In that packet capture the packet that fails is the largest, so perhaps there is an interface MTU or MSS issue at play. Not sure why it would affect just that one subnet, but it's the first place I'd look.

JKnott · Feb 27, 2021, 11:11 PM

@jimp

Well, it works fine if I tether to my phone, instead of using the 2nd address and it worked for years with the 2nd address, until I updated to 2.5.0.

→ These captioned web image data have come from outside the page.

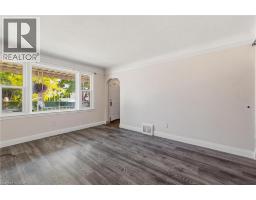 61 HILLVIEW Street - 5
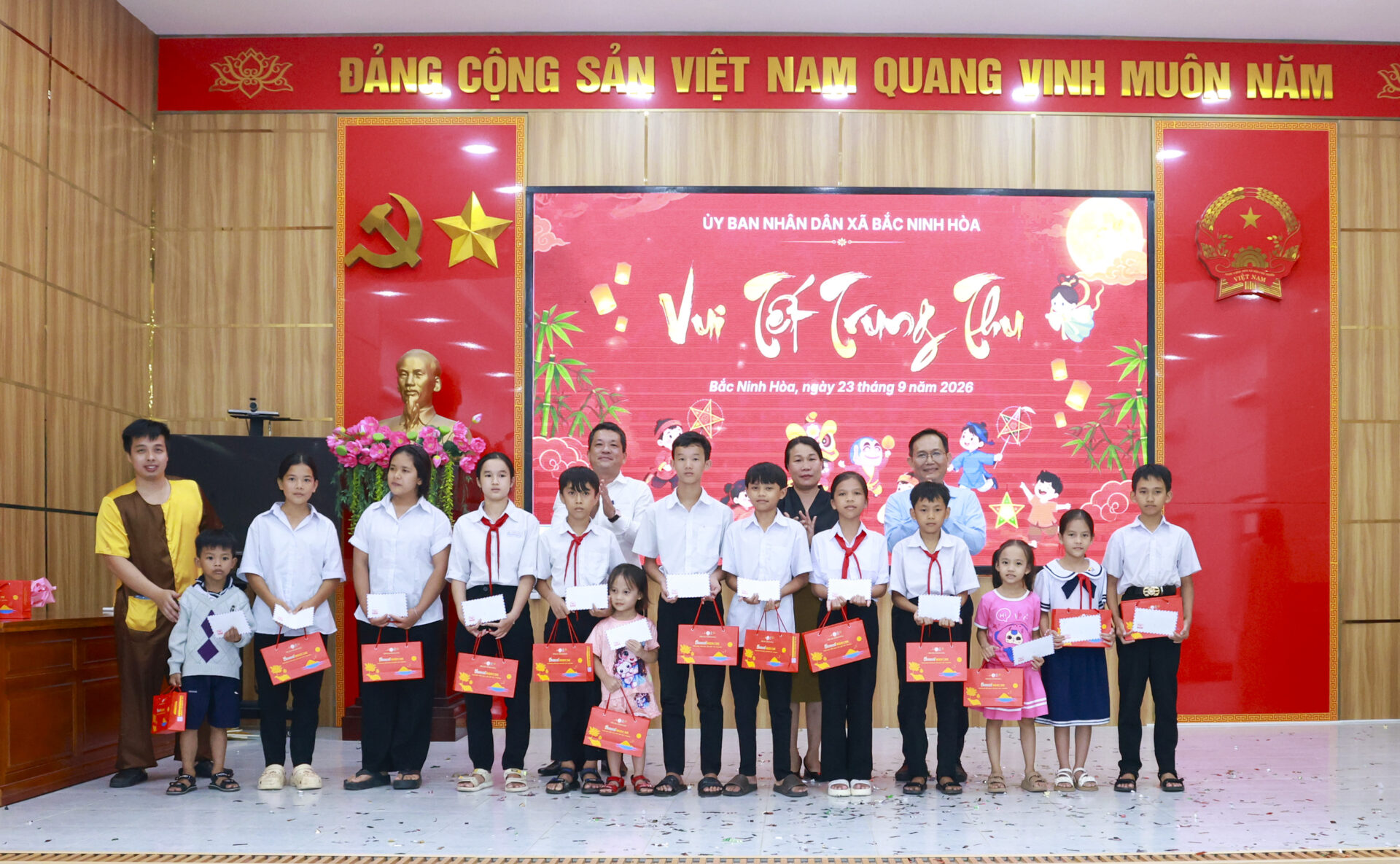 Khatoco tặng học bổng, quà trung thu cho thiếu nhi xã Bắc Ninh Hòa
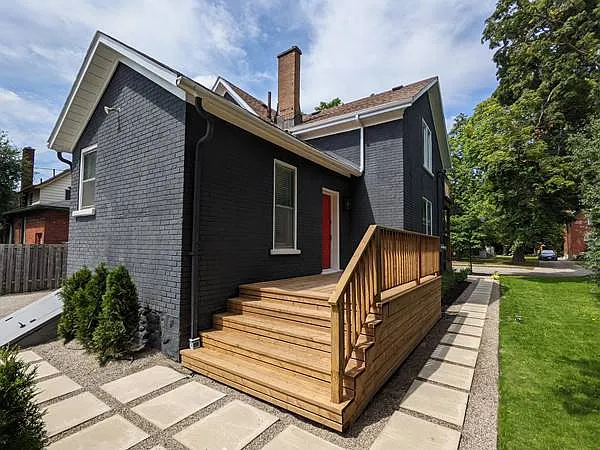 229 Wellington St N #2 — Photo 12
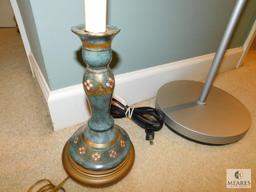 Lot Dual Head Floor Lamp and Oriental Style Accent Table Lamp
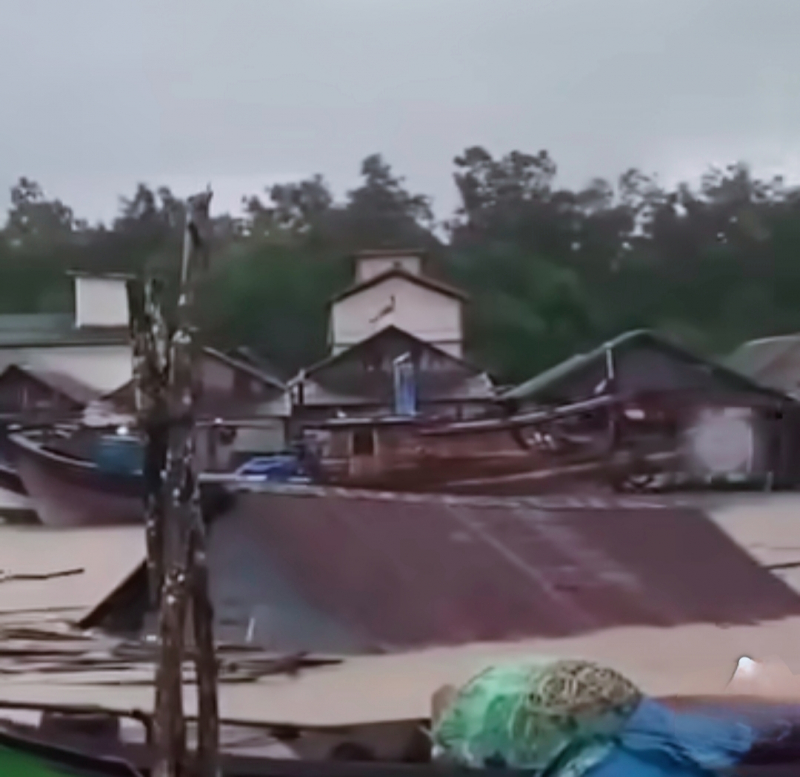 Rumah Warga Desa Kuala Simbur, Tanjab Timur Hanyut Dibawa Arus Air Pasang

I agree it's something beyond OpenVPN that also affects ssh. Also, I don't know how it could be an MTU or MSS issue, when both interfaces are connected to the same modem, with the same ISP. I just checked the MTU of the ssh session and it shows 1280 on the notebook end (I don't know why that is), which shouldn't be a problem for pfsense, which has 1500 MTU. Also, UDP doesn't use MTU. Why is pfsense not properly responding to OpenVPN or ssh? It seems to start, then nothing. I also tried with the Windows client. With it, it appeared to connect, but there was no tunnel shown in ipconfig and it couldn't pass any data. That capture was taken with Packet Capture, which means pfsense is receiving, but for some reason failing the connection attempts, but was responding to pings.

As for the 1280 MTU, that's the minimum allowed for IPv6. For the first six years I had IPv6 I was using a tunnel, which forced 1280 MTU. That was never an issue for anything I'm aware of.

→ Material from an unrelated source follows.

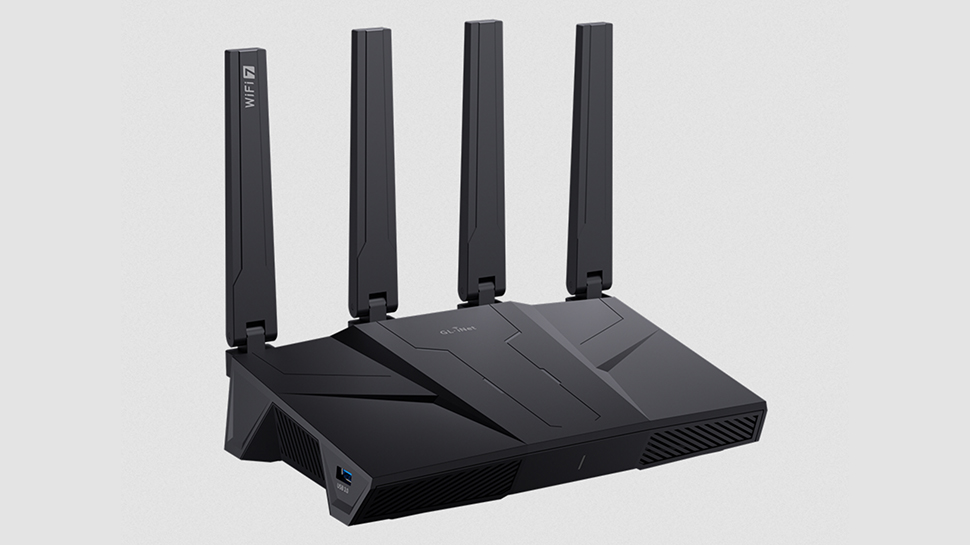 Imagen de portada para Flint 3 iguala las especificaciones de la competencia de Wi-Fi 7, pero ofrece un precio más bajo para los compradores iniciales.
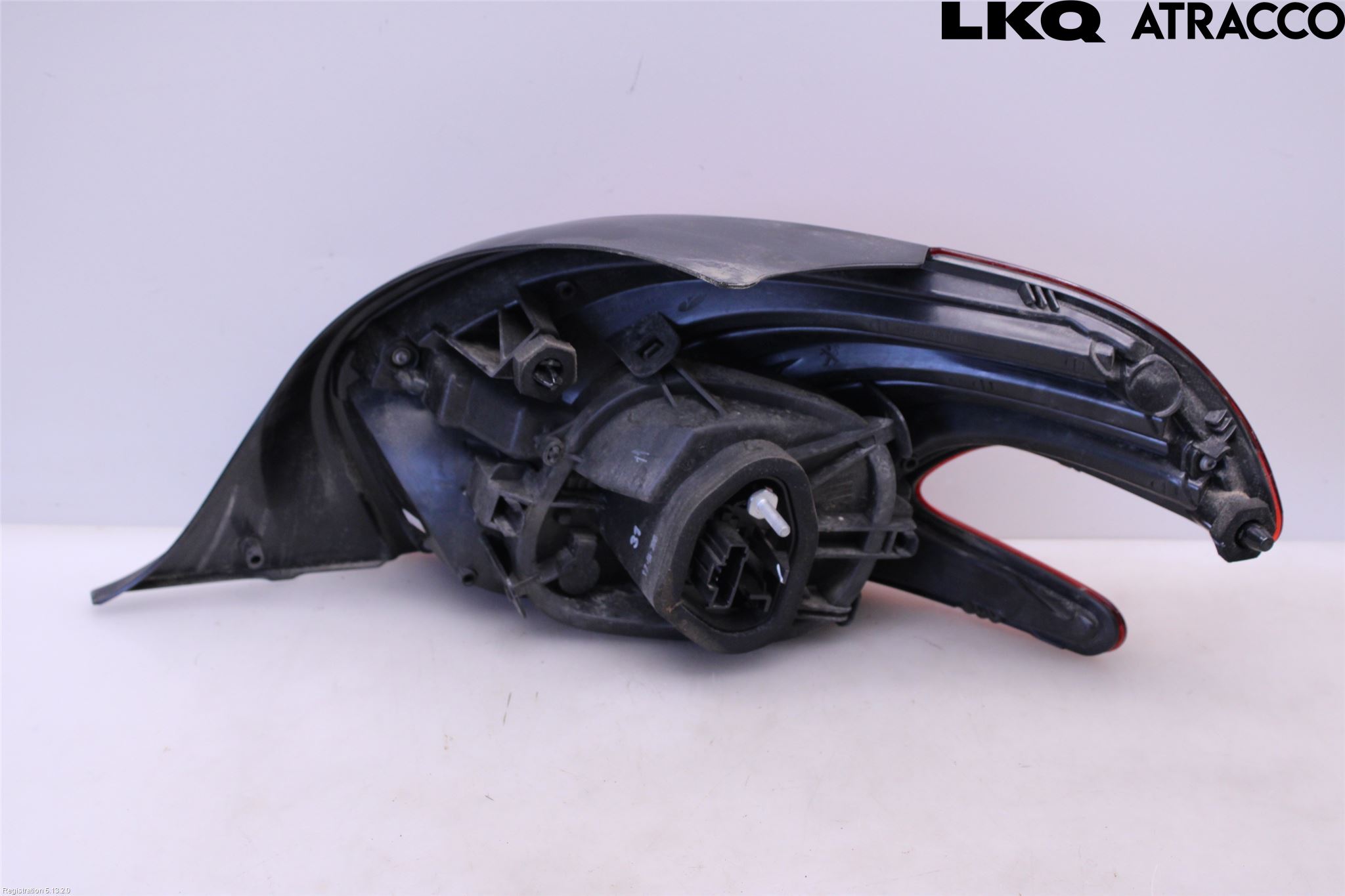 Peugeot PEUGOT 208 16-19 Baklykt Venstre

jimp · Feb 27, 2021, 11:23 PM

UDP doesn't use MSS but it does respect MTU.

It does respond but once the packets are sufficiently large it fails, which is a common problem associated with MTU issues.

As to why it's different for another subnet, I don't know, that's likely due to differences in your modem/ISP but it's tough to say without more info.

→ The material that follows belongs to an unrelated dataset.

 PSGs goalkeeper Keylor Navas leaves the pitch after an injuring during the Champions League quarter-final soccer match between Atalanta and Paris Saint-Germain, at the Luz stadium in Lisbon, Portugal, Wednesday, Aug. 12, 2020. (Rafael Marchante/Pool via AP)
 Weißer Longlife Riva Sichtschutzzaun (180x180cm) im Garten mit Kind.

It may work from your phone because your phone connection probably has an MTU lower than whatever is causing the problem.

JKnott · Feb 28, 2021, 12:42 AM

@jimp

UDP respects MTU, but doesn't communicate it with the other end the way TCP does. In looking through the packet capture, I don't see anything longer than 1188 bytes, so even that is below the 1280 MTU.

As for tethering to my phone, the MTU that way is 1500.

I doubt my ISP changed anything when I updated pfsense. I used the VPN, through the 2nd address the day before I updated, as I had for years. I've had this particular modem for a few months, since I updated to IPTV, but have had at least two other modems in the time I've been using the 2nd address.

I never noticed that 1280 MTU before, as I never had any reason to check it. However, it's my notebook computer that gets it, not pfsense, which has 1500, so any UDP coming from it should have already been limited by it. TCP would negotiate the MTU used accordingly.

I wonder if there's anyone else here who can try this, with the 2nd address. I'm on Rogers.